> _WHAT IS EXPECTED_
Make an exact copy of the listing so that no picture is carried over.

> _DATA EXCERPT_
== Segment start ==
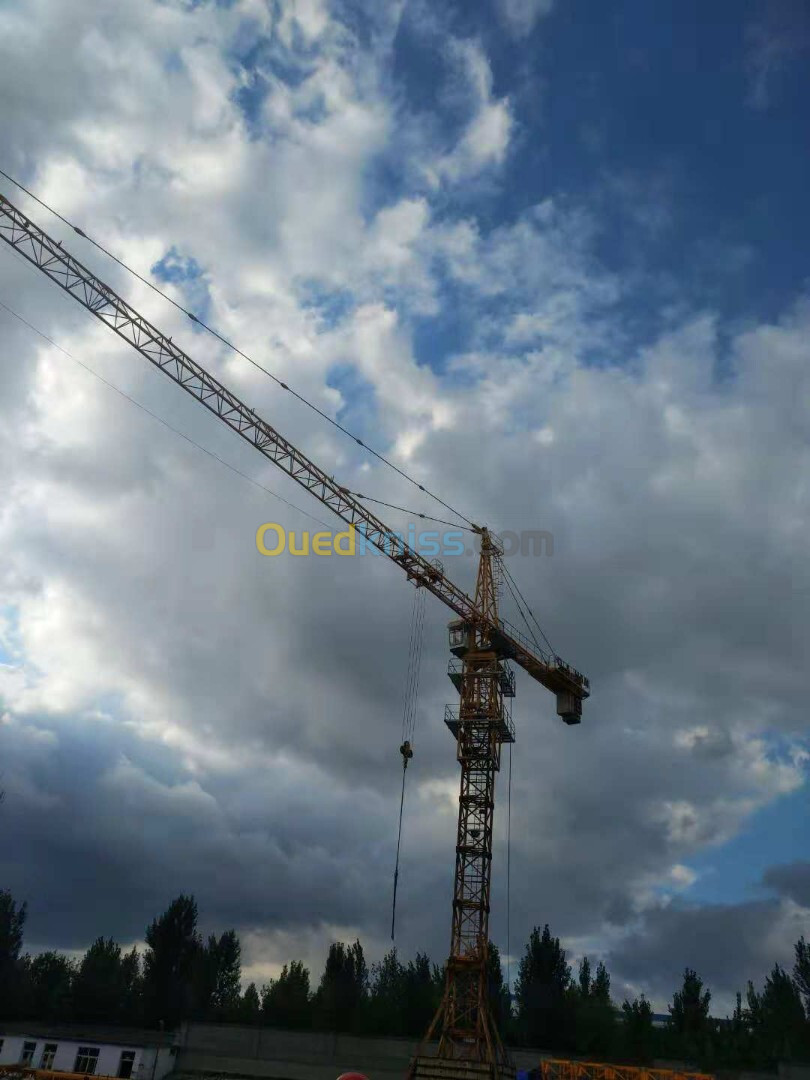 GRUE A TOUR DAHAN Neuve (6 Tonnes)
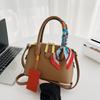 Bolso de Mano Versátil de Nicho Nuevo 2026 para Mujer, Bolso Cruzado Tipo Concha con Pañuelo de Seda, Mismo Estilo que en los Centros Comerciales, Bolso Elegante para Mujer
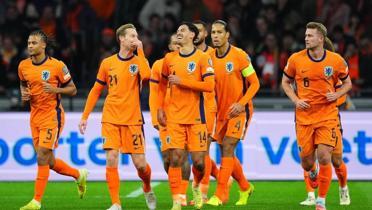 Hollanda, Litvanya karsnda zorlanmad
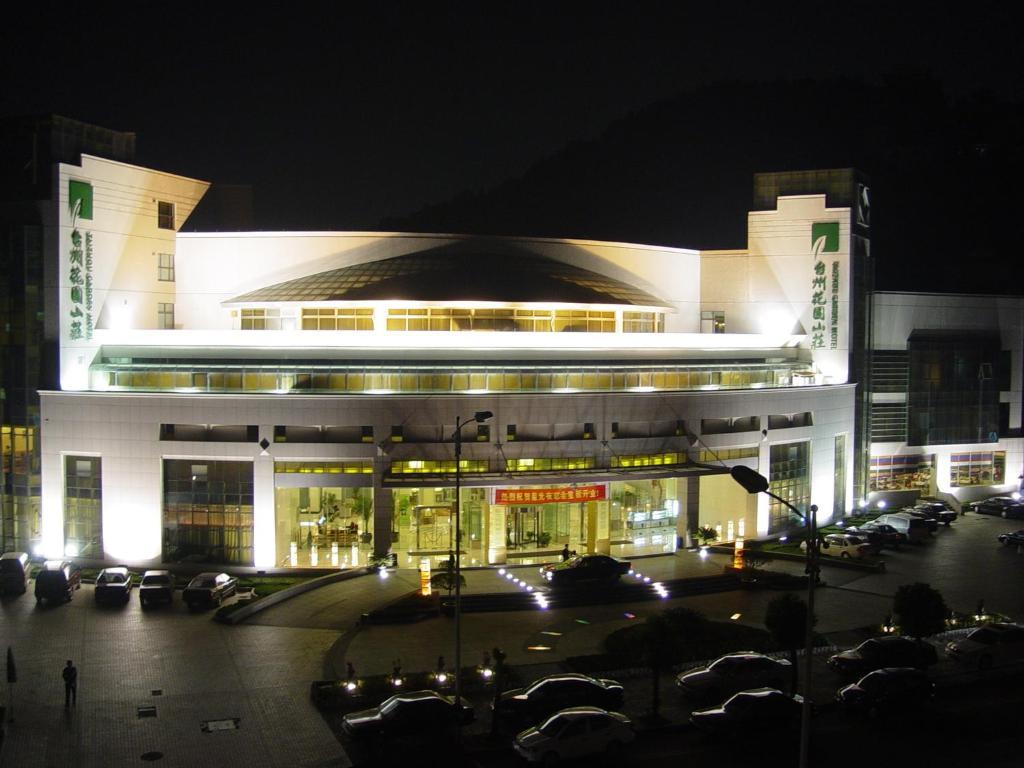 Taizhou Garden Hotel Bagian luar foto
== Segment end ==
> _SOLVED PROBLEM_
 GRUE A TOUR DAHAN Neuve (6 Tonnes)
 Bolso de Mano Versátil de Nicho Nuevo 2026 para Mujer, Bolso Cruzado Tipo Concha con Pañuelo de Seda, Mismo Estilo que en los Centros Comerciales, Bolso Elegante para Mujer
 Hollanda, Litvanya karsnda zorlanmad
 Taizhou Garden Hotel Bagian luar foto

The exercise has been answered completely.